There was a time (I believe it was somewhere in the “Roaring Twenties” a
century ago), when the profession of being a telephone switchboard operator was
growing so fast that a properly conservative projection of that growth would
conclude that everyone in the country would need to be a telephone operator
within 5 to 7 years.
Obviously that was not sustainable. Technology “had to” get better (and of
course it did). There is a bit of an analogous issue (on a somewhat more
manageable scale) with regard to programming in 2020. We have had chronic
shortages of good coders for decades now. This is partly due to the fact that the
technology of software production has NOT changed materially, and rapidly enough. Productivity tools and aids are lagging. Too much code is still written essentially the
same way that it was when C programming language was created in the Seventies
which was more than 40 years ago (gulp), soon to be 50 years.

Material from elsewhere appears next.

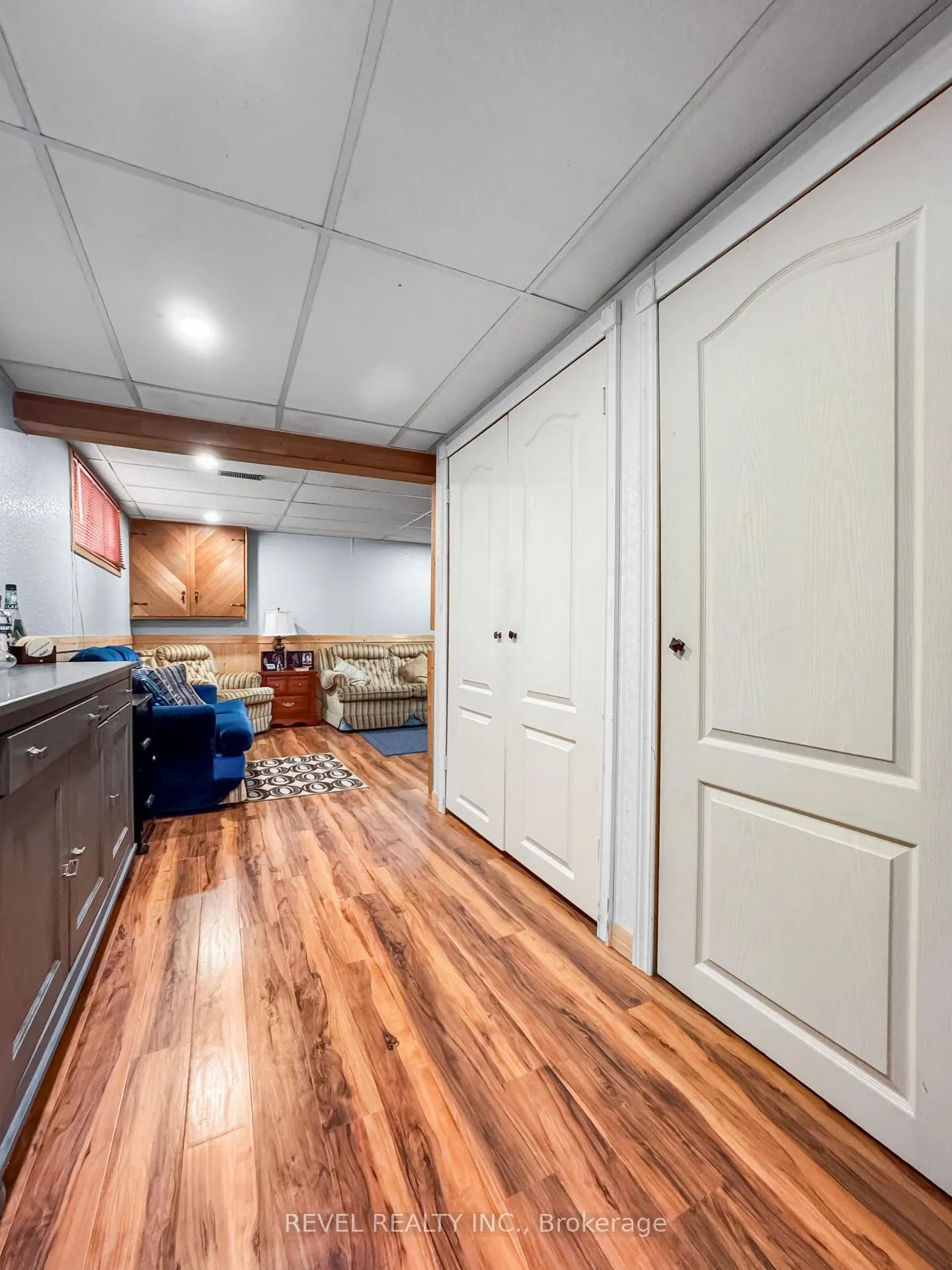 Photo 31 of 541 Murray Street, Timmins, TNE - North — HOMEH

Software as an industry is a chronic under-performer as regards productivity.
Most of the actual productivity “gains” in the last 20 years and more have been
due to the inclusion of millions of people from lower wage economies. The dismal
science of economics measures productivity as output against cost, and
programming has been “keeping up” mostly because effective wages (the costs)
for programmers have been going down, as more and more folks from third-world, relatively low-wage economies have joined the ranks of programmers. The effect of Agile and test-first and pair programming, and other new techniques, such as Scrums and sprints, have been positive, but (probably) not positive enough.
The productivity “bandwidth bottleneck” is still with us… where are the robot
coders who represent true automation?
Still just a ways too far in the future, one supposes.